Strona główna

Vargas: „Jestem szczęśliwy i chcę tu zostać”

Arkadiusz Bryzik | 12.02.2014; 21:01

Wyznania Chilijskiego napastnika

Eduardo Vargas, choć rozegrał dopiero dwa spotkania w barwach Valencii, zdobył już szacunek kibiców, którzy chwalą go zwłaszcza za chęć do gry i dynamiczność. Na konferencji prasowej w Paternie Chilijczyk przyznał, iż czuje się w Valencii szczęśliwy i bardzo chciałby pozostać na Mestalla dłużej.

„To prawda. Jestem szczęśliwy od pierwszego dnia, gdy tylko tutaj dotarłem. Zostaję tutaj na cztery następne miesiące, wtedy zobaczymy czy będzie możliwość przedłużenia pobytu. Chciałbym zostać w Walencji na dłużej” — stwierdził na konferencji prasowej Chilijski napastnik.

Dziennikarzom dał się poznać jako radosny piłkarz, twierdząc, że optymizm to bardzo ważny czynnik w walce o Champions League. „Mamy dobry zespół i jeśli będziemy wierzyć, uda nam się zagrać w przyszłorocznej edycji Ligi Mistrzów. Naszym priorytetem jest jednak zwycięstwo w Lidze Europy”.
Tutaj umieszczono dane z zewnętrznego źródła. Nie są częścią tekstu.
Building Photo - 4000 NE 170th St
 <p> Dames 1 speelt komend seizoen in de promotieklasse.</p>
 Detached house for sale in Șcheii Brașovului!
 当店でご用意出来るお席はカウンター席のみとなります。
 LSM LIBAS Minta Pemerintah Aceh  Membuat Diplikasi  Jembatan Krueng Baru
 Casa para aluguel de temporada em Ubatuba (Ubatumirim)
„Z Paco rozumiemy się coraz lepiej. To wspaniały napastnik i myślę, że nasza współpraca będzie wyglądała coraz lepiej” — komplementował swojego kolegę z boiska. „Sam nie czuję się strzelcem, nie urodziłem się dziewiątką. Wolę szukać okazji dla innych, wychodzić na pozycje i wbiegać z piłką w pole karne przeciwnika.”

Na koniec dodał, iż zespół czeka teraz ciężka przeprawa na Estadio Ramón Sánchez Pizjuán. „Mają świetnych piłkarzy i grają dobrze jako drużyna, ale my jedziemy tam z zamiarem zwycięstwa i zgarnięcia kompletu punktów”.